Wednesday, February 5, 2020

Neo4J Knowledge Graphs in OBIEE


Introduction:

The purpose of this article is to analyze and bring insights from statistical data from data warehouse and graphical data from Neo4J. Today’s most pressing data challenges center around connections, not just discrete data. At the same time, most of the business data gets stored to relational databases in form of tables. The challenges lies at the inception of the graph DB as to how we can narrow down our searches from one technology to other or integrate both we can reach proper business decisions.

For e.g. We have modeled our graphs to the best and it can answer all the things you can throw at it but how should we see that data and its associations with other business dimensions at a glance.


The problem statement

  • How to narrow down search from relational model to graphical model?
  • Drill down from graphical model to relational model
  • How to see data relationships without writing complex cyphers
I have divided the above problem statement in multiple steps listed below and we'll work upon each of it in detail

  1. Integrate OBIEE with Neo4J directly and do reporting on top of it
  2. Create Graph visualization in OBIEE so as to project our neo4j data.
  3. Create oracle reports/charts & neo4j visualizations and navigate among them in a single dashboard

Objective: To integrate OBIEE with Oracle DB & Neo4J and navigate to/fro from graph and Oracle reports in single dashboard.


Integrate OBIEE with Neo4J Database

To integrate OBIEE & Neo4J we'll leverage the neo4j-jdbc connector provided by Neo4J. You can download the driver from here. The latest driver at the time of writing is 3.4, if you are working on newer Neo4J version you have to update the driver as mentioned in "Building the driver yourself" section at this page.

Once downloaded, we have to follow the exact steps as mentioned on this blog page. You should end up with creating the connection pool with jndi/neo as the data source. Please note that since Neo4J is a graph database we'll not be able to model our rpd. We only have the option to create direct database request analysis in OBIEE.

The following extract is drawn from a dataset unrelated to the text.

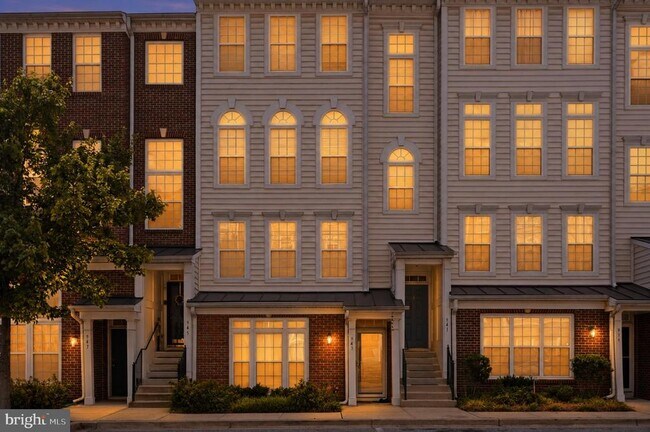 Building Photo - 941 Pine Forest Ln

The next step is to create direct database query analysis from obiee and enter connection pool information that you have just created. In the SQL statement, we can write our regular Neo4J cyphers and get the result. (Pretty cool right, I know :P )



(Please feel free to ask if you are stuck in building the driver or in any other steps above)

Creating Graph visualizations in OBIEE

Once we have integrated our Neo4J instance and can fetch the data, the next step is to create the graph visualization. For this we'll create our custom visualization using javascript with the help of narrative view of OBIEE as obviously OBIEE doesn't provide graph visualization out of the box. I have already written about creating graph visualization in obiee here, so please refer to it.

Please note, we can also create any other visualization or views that obiee provides with this data. Also, by now we'll have reports having data either from Neo4J or some other relational database using regular RPD stuff. The next step is to just navigate among these reports irrespective of underlying data source.

Navigating b/w Graph visualization, charts & reports

For navigating among reports we have various options as listed below:

Filtering on Neo4J data from OBIEE Dashboard Prompt

For filtering on neo4j data, we have to create dashboard prompt column with presentation variable. We can then use that presentation variable in our cypher query to filter out the data.Sample query below with presentation variable nPerson & title

MATCH (p:Person)-[r]-(m:Movie)  WHERE p.name in [@{nPerson.isAllColumnValues?NULL:nPerson}[\"@\"]{p.name}]  AND m.title in [@{title}[\"@\"]{m.title}] 
 return  p.name, type(r) as Relationship, m.title

Master Detail linking from Neo4J Graph to Table or Bar graph

Since our graph visualization is acting as master view, we have to send event to detail view as described below. Don't forget to add SAutils javascript file in your narrative header.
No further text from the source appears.